「監督はつらいよ 望郷編」キネマの神様 Masayaさんの映画レビュー(感想・評価)
監督はつらいよ 望郷編
ゴウという男の映画青年としての過去と、ギャンブルに依存する老人としての現在が交互に描かれていますが、山田監督の映画人としての思い入れのためか?青年時代が生き生きと描かれているのに対して、現代パートは画質もシャープさがなくゴウへの孫の態度や言葉遣いが昭和的(寅さんに対する満男のよう)で違和感を感じました。
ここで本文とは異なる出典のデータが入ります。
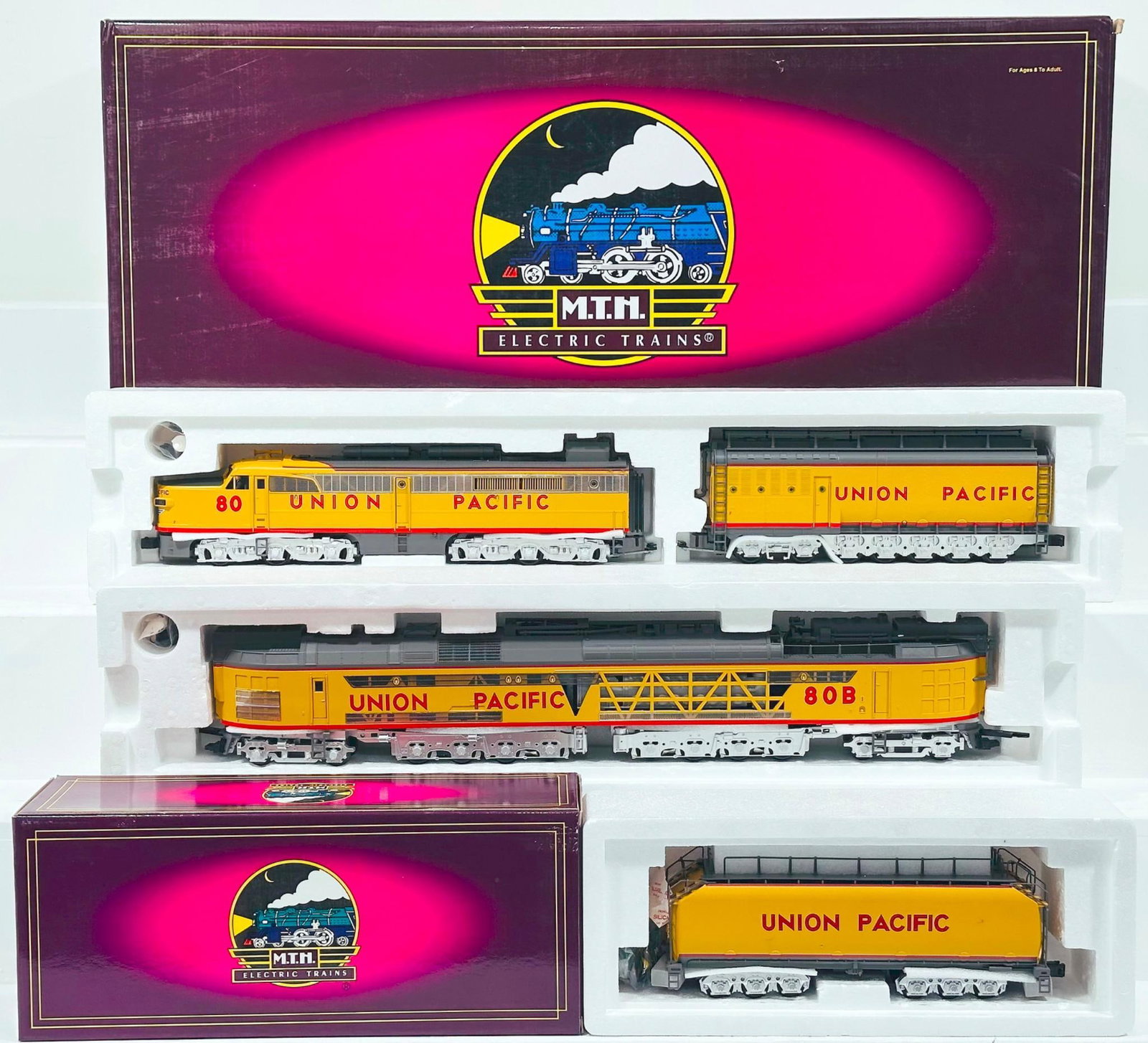 MTH Modern O Gauge Union Pacific #80 Coal Turbine Engine with PS 1.0 Boxed and UP Auxiliary Tender (1 of 6)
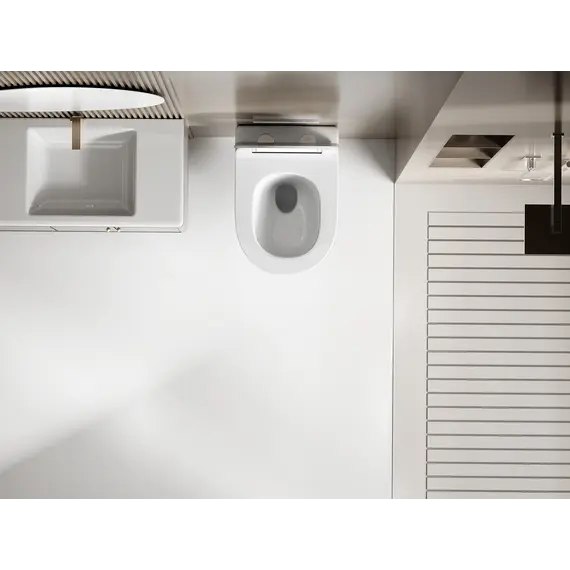 Унитаз ABBER Bequem AC1130 подвесной белый, безободковый, смыв торнадо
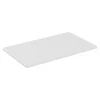 Plan vasque ICON 80 cm Finition blanc alpin mat Accessoire meuble sous vasque moderne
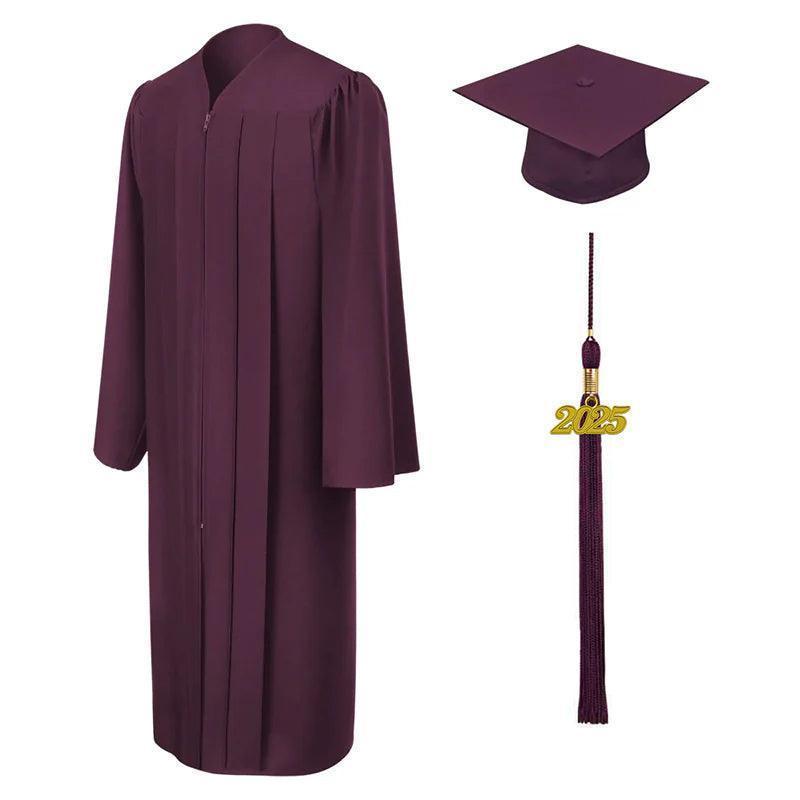 12 Colors Matte Elementary Graduation Cap and Gown - Graduation Gown 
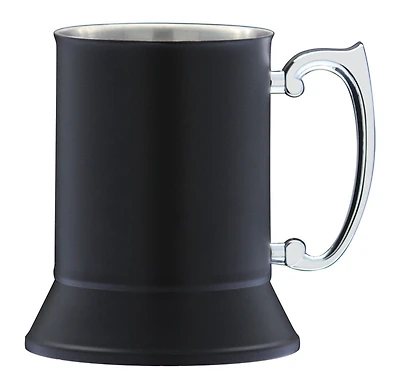 16 oz Double Wall Tankard, Matte Black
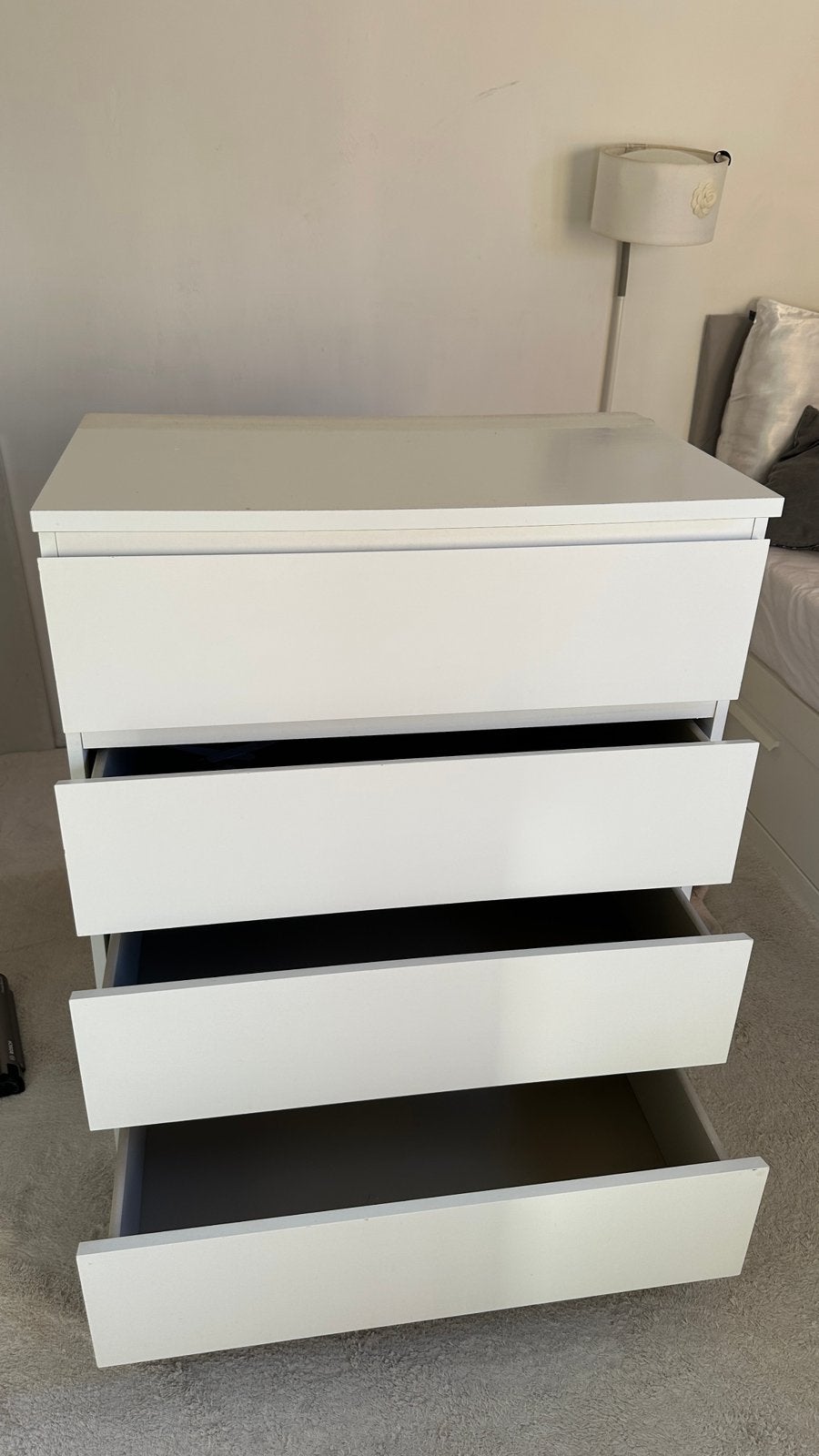 IKEA Malm ladekast, Huis en Inrichting, Ophalen, 50 tot 100 cm, Zo goed als nieuw, 3 of 4 laden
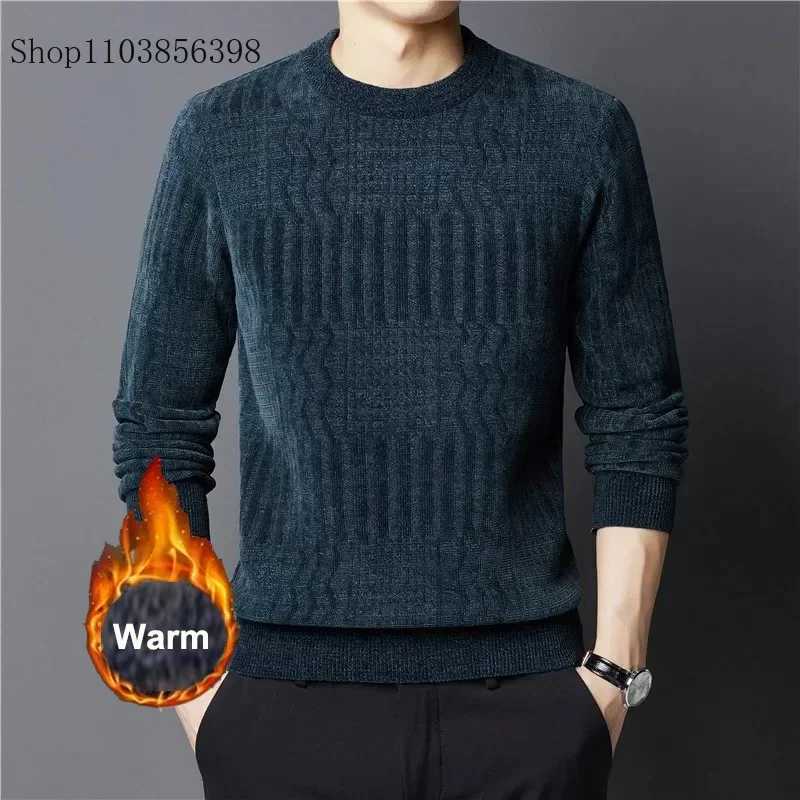 Brand Clothing High Quality Fashion Sweaters Male Slim Fit Casual Knitted Pullover Man Casual Round Neck Sweaters Black Grey J251015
過去パートでは菅田将暉や永野芽郁、北川景子が味のある演技を見せてくれています。しかし、肝心の老人ゴウの描き方が中途半端で、演じる沢田研二もさほどの存在感を感じられません。当初、予定されていた志村けんがやったとしても、それ程魅力的な人物になったかは疑問に思います。
時代劇三部作以降の山田作品の中では比較的良かったものの、全体的には山田監督のノスタルジーに付き合わされたという印象は否めません。
山田監督も89歳。その功績は認めつつ、晩年の黒澤明がそうだったようにこの人もまた自己満足で映画を撮るようになってしまったんだなと感じざるを得ない作品となってしまったのは残念でした。